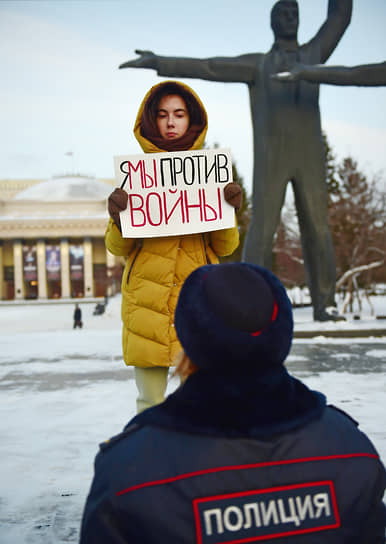 Новосибирск, Россия. Одиночный пикет против боевых действий на Украине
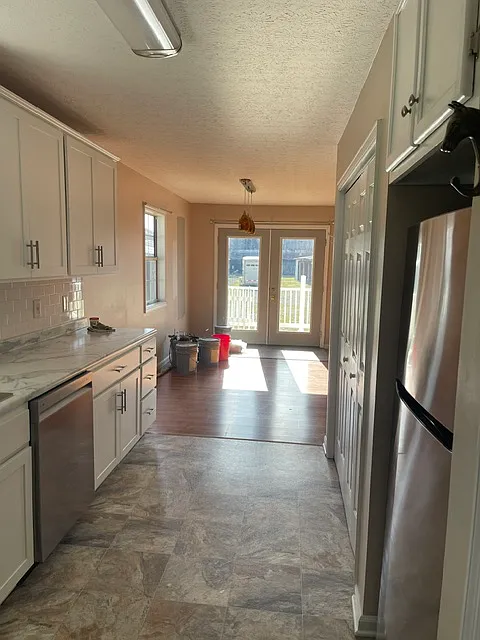 1 bed, 1215 sqft, $1,200 — Photo 3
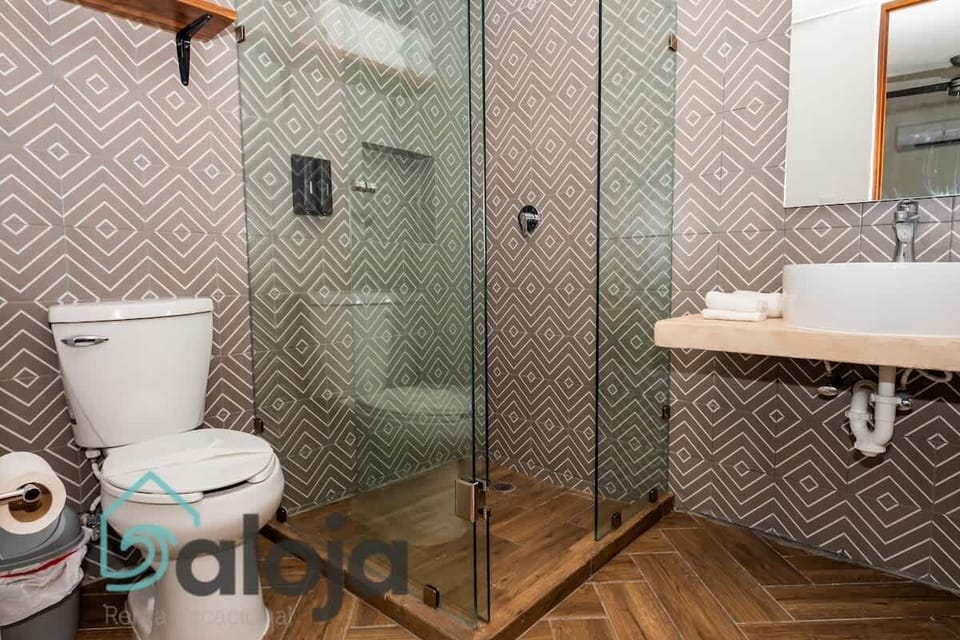 Lindo baño completo con regadera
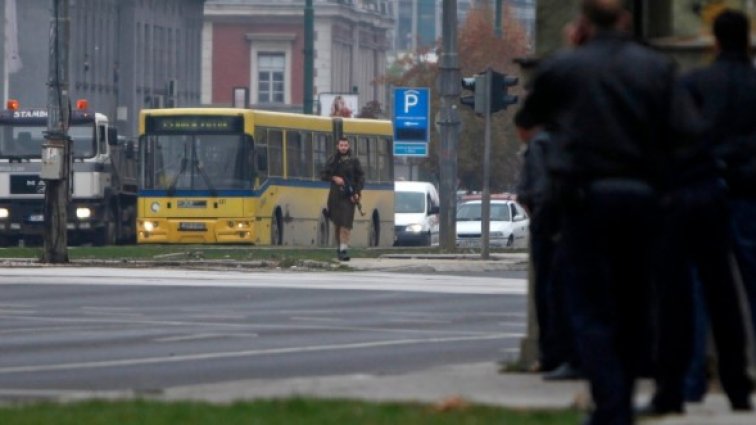 Снайперист свали нападателя на посолство на САЩ в Сараево 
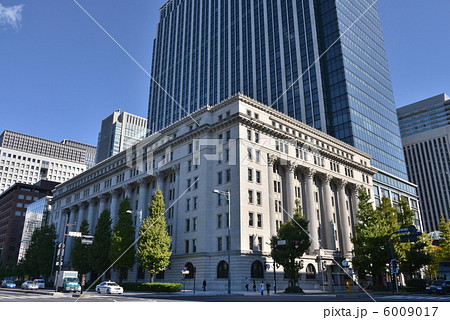 丸の内オフィス街の明治生命館 6009017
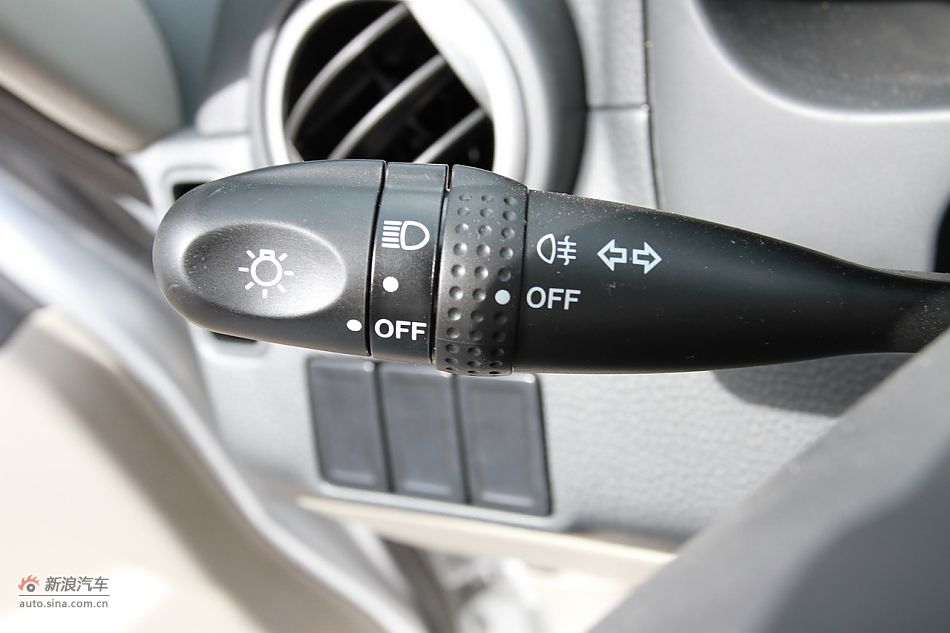 2011款天语SX4两厢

★ ★ ★ ★

▶ _Task to complete_
All of the records should be output exactly as they stand, with pictures omitted.

▶ _Reply_
 Новосибирск, Россия. Одиночный пикет против боевых действий на Украине
 1 bed, 1215 sqft, $1,200 — Photo 3
 Lindo baño completo con regadera
 Снайперист свали нападателя на посолство на САЩ в Сараево 
 丸の内オフィス街の明治生命館 6009017
 2011款天语SX4两厢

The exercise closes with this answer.